▶ [Data extract]:
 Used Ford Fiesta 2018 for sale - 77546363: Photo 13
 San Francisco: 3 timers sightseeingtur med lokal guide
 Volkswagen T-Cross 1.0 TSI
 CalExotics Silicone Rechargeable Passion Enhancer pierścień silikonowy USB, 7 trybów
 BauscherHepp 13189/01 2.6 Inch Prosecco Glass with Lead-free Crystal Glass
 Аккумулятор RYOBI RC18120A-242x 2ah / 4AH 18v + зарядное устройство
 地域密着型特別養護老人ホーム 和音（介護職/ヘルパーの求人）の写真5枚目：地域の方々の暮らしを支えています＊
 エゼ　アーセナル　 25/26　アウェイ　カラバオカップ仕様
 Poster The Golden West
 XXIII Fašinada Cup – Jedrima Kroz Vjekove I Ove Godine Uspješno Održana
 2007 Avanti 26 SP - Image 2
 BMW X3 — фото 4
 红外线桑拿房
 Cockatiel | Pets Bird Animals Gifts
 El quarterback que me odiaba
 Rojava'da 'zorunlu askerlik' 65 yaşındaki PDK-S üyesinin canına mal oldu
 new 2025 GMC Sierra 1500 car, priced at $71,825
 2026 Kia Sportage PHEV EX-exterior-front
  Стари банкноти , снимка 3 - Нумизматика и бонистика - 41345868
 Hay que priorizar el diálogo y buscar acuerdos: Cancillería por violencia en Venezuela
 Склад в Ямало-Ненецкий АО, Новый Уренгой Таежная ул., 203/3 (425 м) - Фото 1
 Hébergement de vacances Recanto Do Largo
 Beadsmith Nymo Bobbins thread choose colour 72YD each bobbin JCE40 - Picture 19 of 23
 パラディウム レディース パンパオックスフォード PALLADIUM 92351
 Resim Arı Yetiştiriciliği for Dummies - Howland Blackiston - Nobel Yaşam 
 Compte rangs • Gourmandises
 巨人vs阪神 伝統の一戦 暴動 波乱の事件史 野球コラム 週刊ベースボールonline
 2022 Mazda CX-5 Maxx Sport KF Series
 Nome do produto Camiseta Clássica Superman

▶ [About this exercise]: Produce an exact copy of every entry above.

▶ [Expected answer]:
 Used Ford Fiesta 2018 for sale - 77546363: Photo 13
 San Francisco: 3 timers sightseeingtur med lokal guide
 Volkswagen T-Cross 1.0 TSI
 CalExotics Silicone Rechargeable Passion Enhancer pierścień silikonowy USB, 7 trybów
 BauscherHepp 13189/01 2.6 Inch Prosecco Glass with Lead-free Crystal Glass
 Аккумулятор RYOBI RC18120A-242x 2ah / 4AH 18v + зарядное устройство
 地域密着型特別養護老人ホーム 和音（介護職/ヘルパーの求人）の写真5枚目：地域の方々の暮らしを支えています＊
 エゼ　アーセナル　 25/26　アウェイ　カラバオカップ仕様
 Poster The Golden West
 XXIII Fašinada Cup – Jedrima Kroz Vjekove I Ove Godine Uspješno Održana
 2007 Avanti 26 SP - Image 2
 BMW X3 — фото 4
 红外线桑拿房
 Cockatiel | Pets Bird Animals Gifts
 El quarterback que me odiaba
 Rojava'da 'zorunlu askerlik' 65 yaşındaki PDK-S üyesinin canına mal oldu
 new 2025 GMC Sierra 1500 car, priced at $71,825
 2026 Kia Sportage PHEV EX-exterior-front
  Стари банкноти , снимка 3 - Нумизматика и бонистика - 41345868
 Hay que priorizar el diálogo y buscar acuerdos: Cancillería por violencia en Venezuela
 Склад в Ямало-Ненецкий АО, Новый Уренгой Таежная ул., 203/3 (425 м) - Фото 1
 Hébergement de vacances Recanto Do Largo
 Beadsmith Nymo Bobbins thread choose colour 72YD each bobbin JCE40 - Picture 19 of 23
 パラディウム レディース パンパオックスフォード PALLADIUM 92351
 Resim Arı Yetiştiriciliği for Dummies - Howland Blackiston - Nobel Yaşam 
 Compte rangs • Gourmandises
 巨人vs阪神 伝統の一戦 暴動 波乱の事件史 野球コラム 週刊ベースボールonline
 2022 Mazda CX-5 Maxx Sport KF Series
 Nome do produto Camiseta Clássica Superman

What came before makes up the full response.